Our Rock Stars Are Not Your Rock Stars
I’m sure everyone’s seen Intel’s big advertising push “Our rock stars aren’t your rock stars“–comparing the firm’s technologists to celebrity rock stars.
I was thinking about this recently in respect to Southern California–land of Michael Jackson—and its technology industry, and I find it interesting how Silicon Valley’s own list of “technology celebrities” compares to Southern California’s own set of “technology celebrities.”
In Silicon Valley, it’s Apple/Facebook/Twitter, Doerr/Jobs/Arrington/Scoble/Moritz/Zuckerberg/Calacanis/Ron Conway/etc. day in and day out in adoring (or scathing) press coverage.
Here’s it seems like–despite of, or perhaps because of our proximity to the celebrity center of Hollywood–the people I hear most as idols in the high tech industry are way more subdued and under the radar. In fact, even though most folks in high tech here (given the carpet bombing coverage of Silicon Valley companies) know the tech celebrities of Silicon Valley, only the “in-the-know” folks seem to be aware of the huge successes here.
I’m thinking of folks like Mike Jones (Userplane/AOL/now MySpace), Matt Coffin (LowerMyBills), Sky Dayton (Earthlink etc.), Irwin Jacobs (Qualcomm), Kamran Pourzanjani (Pricegrabber), Michael Robertson (MP3.com, etc.), Jake Weinbaum (Business.com, eCompanies), Scott Blum (Buy.com), all the folks from Applied Semantics (now Google), Overture (now Yahoo), and so on. Sure, there are some who have achieved some level of tech fame (or, notoriety, in the case of Broadcom’s Henry Nicholas III), but in most cases these names are not at all well known. Probably the most “Silicon Valley celebrity” here is Jason Calacanis, who is better known in Silicon Valley than in Southern California. The “connectors” in Silicon Valley are pretty easy to find, but not as easy here. For example — Peter Pham, formerly of Photobucket/Fox Interactive Media–despite running a company now in Silicon Valley–is a huge connector in Southern California and beyond, is known to every startup CEO, entrepreneur, and VC in SoCal, doesn’t show up on the “tech celebrity” radar. Neither does Jason Nazar, who is a huge connector, particularly with his Startups Uncensored events. There’s immensely successful folks like Gil Elbaz (hiding out on the XPrize board of trustees with the likes of Elon Musk, Arriana Huffington, Larry Page, J. Craig Venter, Dean Kamen, and Ray Kurzweil)–who I suspect only a tiny, tiny number of people in SoCal know about. There’s also a slew of “behind the company” folks–too many to mention, but people like John Morris of GKM/Tech Coast Angels, Randy Churchill at PricewaterhouseCoopers–who are key to connecting the technology industry here who only insiders might know. There’s lots and lots more I don’t mention who are equally as successful, prominent, and important here.

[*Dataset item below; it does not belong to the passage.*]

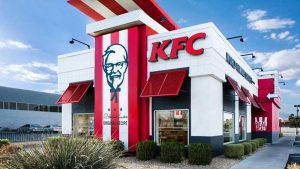 Restaurant Franchises That Are Hot Right Now - KFC Image - Franchise Resales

Is this good or bad? It seems some level of interest in local, successful and/or ambitious entrepreneurs, venture capitalists, and others (beyond what we provide, of course) would be helpful in better connecting the community together. But then again, it also shows the–probably good–tendency of local startups to care about results, revenues, and success over celebrity and flashiness.